La democrazia non si nomina: si sceglie
La riforma delle liste bloccate consegna ai capipartito il potere di decidere chi entrerà in Parlamento, togliendo ai cittadini ogni libertà di scelta. È il momento di rivendicare una legge elettorale che restituisca sovranità agli elettori
Riceviamo e pubblichiamo
Ancora una volta vogliono decidere loro. Ancora una volta vogliono scegliere chi entrerà in Parlamento. Ancora una volta vogliono togliere ai cittadini il diritto di scegliere i propri rappresentanti. Liste bloccate. Nessuna preferenza. Nessuna libertà di scelta.
Questa non è una riforma della democrazia. È il suo progressivo svuotamento. Con le liste bloccate saranno i capi partito a compilare gli elenchi dei futuri parlamentari. Non verranno premiati il merito, la competenza o il consenso popolare, ma soltanto la fedeltà personale.
Entreranno in Parlamento i nominati, gli obbedienti, coloro che non dovranno rappresentare il popolo, ma soltanto chi li ha messi in lista. E così il Parlamento continuerà a trasformarsi in un’assemblea di fedelissimi, dove il coraggio lascia il posto al conformismo e la libertà di coscienza viene sacrificata alla disciplina di partito.
Intorno ai capi continueranno a prosperare le solite clientele, i cerchi magici, gli amici degli amici, i parenti, gli uomini di fiducia, le reti di potere costruite negli anni. Sempre gli stessi volti. Sempre lo stesso sistema.

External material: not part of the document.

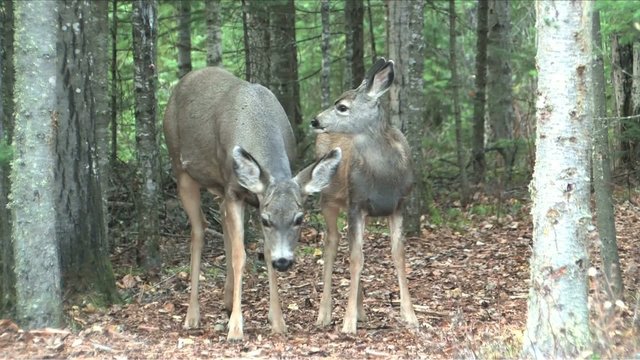 Doe finishes cleaning the fawn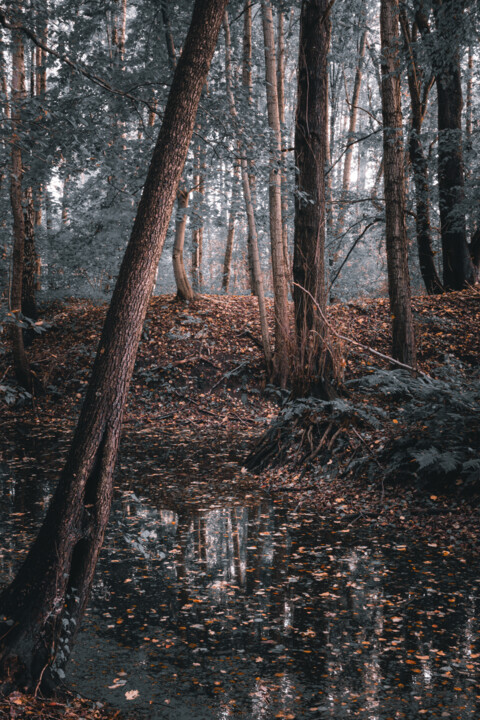Fotografie mit dem Titel "Herbst" von Thorsten Fisseler, Original-Kunstwerk, Digitale Fotografie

È questa la politica che vogliamo lasciare ai nostri figli?
Una politica che chiede il voto ai cittadini ma non permette loro di scegliere chi li rappresenterà? Una politica che parla di democrazia, mentre concentra sempre più potere nelle mani di pochi?
Anche quella parte della destra che avrebbe dovuto difendere la libertà degli elettori sembra ormai rassegnata a questo meccanismo. Chi tace diventa complice. Chi accetta questo sistema contribuisce ad allontanare ancora di più gli italiani dalle istituzioni. Può piacere oppure no, ma Roberto Vannacci è tra coloro che hanno denunciato con maggiore determinazione il sistema dei nominati e dei capibastone. Una battaglia difficile da vincere nelle aule parlamentari, dove molti hanno interesse a conservare privilegi, incarichi e rendite di posizione.
Ma la democrazia non vive soltanto nei palazzi del potere. La democrazia vive nelle piazze, nelle coscienze, nella partecipazione dei cittadini.
Per questo è arrivato il momento che gli italiani facciano sentire la propria voce con fermezza, attraverso gli strumenti democratici che la Costituzione garantisce: il confronto pubblico, la mobilitazione civile, la partecipazione politica e il voto.
Non possiamo più limitarci a indignarci. Dobbiamo pretendere una legge elettorale che restituisca agli italiani il diritto di scegliere i propri rappresentanti. Dobbiamo dire basta ai nominati. Basta ai parlamentari scelti nelle segreterie.
L’Italia appartiene ai cittadini, non ai partiti. Il popolo italiano merita rispetto. Il voto deve tornare libero. La democrazia deve tornare vera. La battaglia non è per un partito, ma per restituire la sovranità ai cittadini.